302. INVENCIÓN DEL ROSARIO (SIGLO
XIII)
Un zagal, pastor de un menguado rebaño
de ovejas que servía de sustento a los suyos, era un gran devoto de
la Virgen, a la que rezaba diariamente rogándole tanto por él como
por toda su familia, fundamentalmente por su madre enferma.
Al objeto de llevar perfectamente la
cuenta de las avemarías que desgranaba en la soledad del monte,
puesto que rezaba el mismo número para cada persona encomendada,
solía cortar cada día un tallo de junco flexible, en el que hacía
un nudo por cada una de ellas y, cada diez oraciones rezadas, uno más
grande y algo distanciado del resto.
En una ocasión —tras hacer un alto
en el camino para reponer fuerzas y para que descansaran sus ovejas,
su asno y sus perros—, recogió todo y reemprendió la caminata,
pero se dejó olvidado el junco anudado colgado de la rama de un
árbol. No le dio ninguna importancia al olvido pues, como solía
hacer cada día, cortaría otro junco.
No obstante, cuando a la mañana
siguiente regresó al mismo lugar, advirtió el tallo olvidado que
colgaba de la rama, pero vio con sorpresa que los pequeños nudos se
habían convertido en rosas blancas y los grandes, los de las
decenas, en rosas aún mayores y rojas.
Cuando al cabo de unos días regresó a
su casa, el zagal narró en la plaza del pueblo con todo tipo de
detalles lo que le había ocurrido. La mayoría de sus convecinos
estimaron que lo sucedido era una clara muestra de que a Nuestra
Señora le gustaba el sistema empleado por el pastorcillo para llevar
la cuenta de sus rezos, de modo que en todas las casas del pueblo
comenzaron a confeccionar rosarios, sustituyendo las rosas blancas y
rojas por granos de gachumbo o de caña de Santo Domingo.
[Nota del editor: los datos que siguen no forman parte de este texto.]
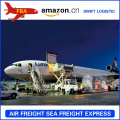 air freight forwarder shipping China to Australia DDP DDU cheap price delivery services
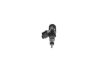 Unit Injector (UI) 03G 130 073 GX - GOLF V (1K1)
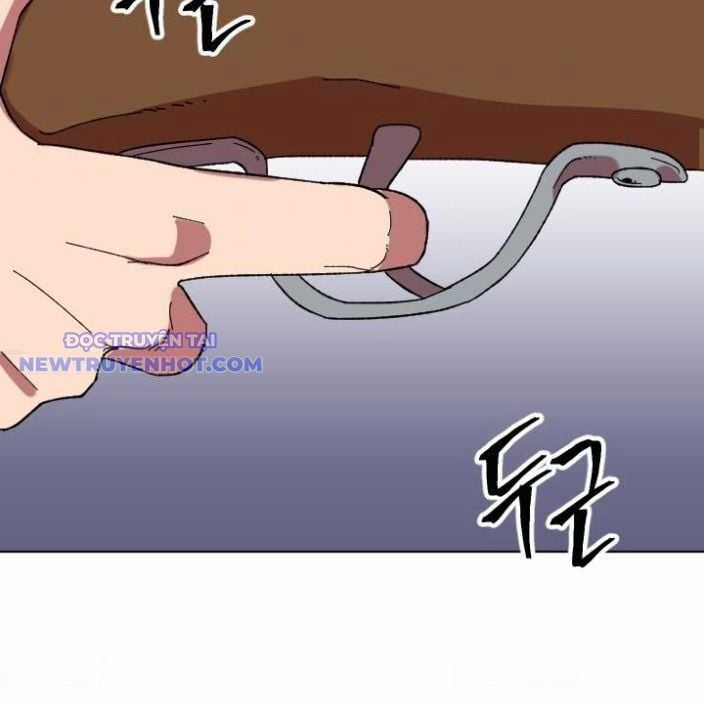 Trường Học Vương Quyền Chapter 16 trang 152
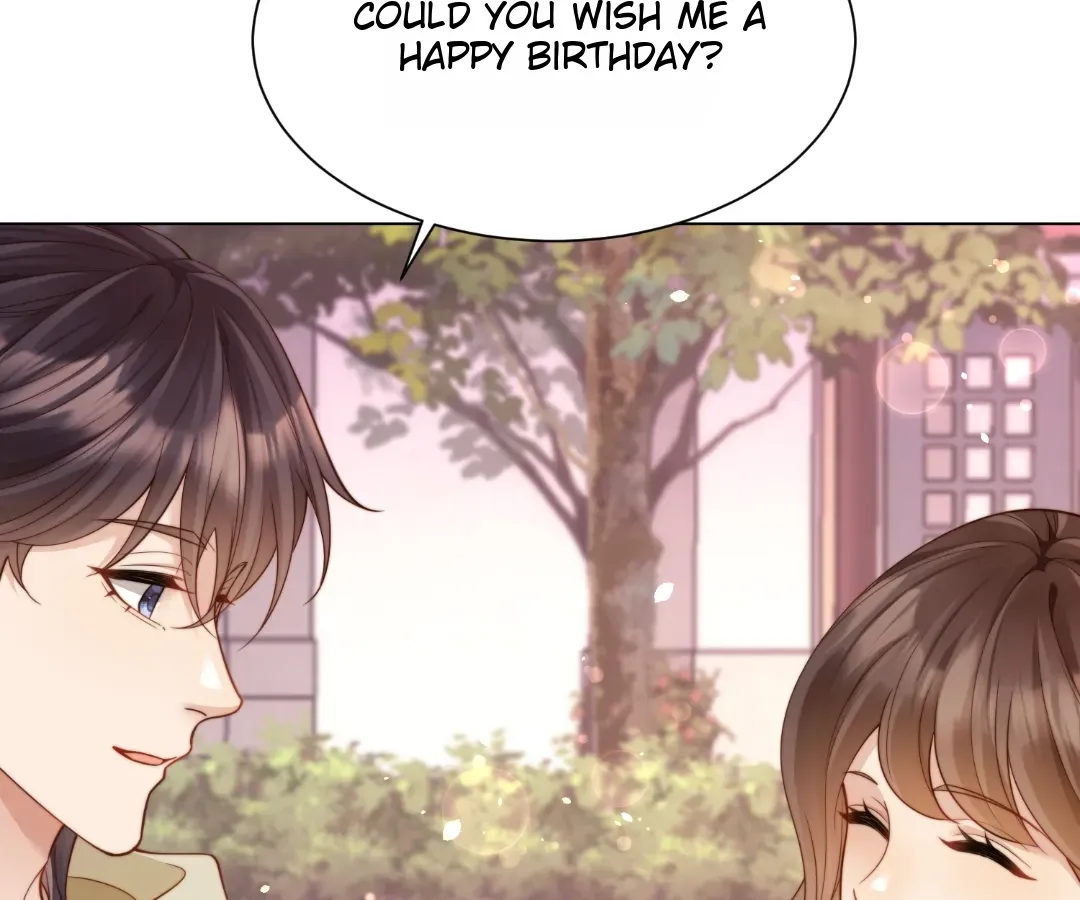 The Unlikely Union with A Comatose Billionaire Chapter 39 page 80 -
Esta leyenda explica que, en los
rosarios primitivos, los granos corrientes fuesen blanquecinos y los
de las decenas rojizos, en recuerdo del color de las rosas con que
Nuestra Señora adornó el tallo de junco del pastorcillo.
[Gironella, Joaquín, «La fiesta de
Nuestra Señora del Rosario», Folletón Altoaragón, 2 (1980), 2.]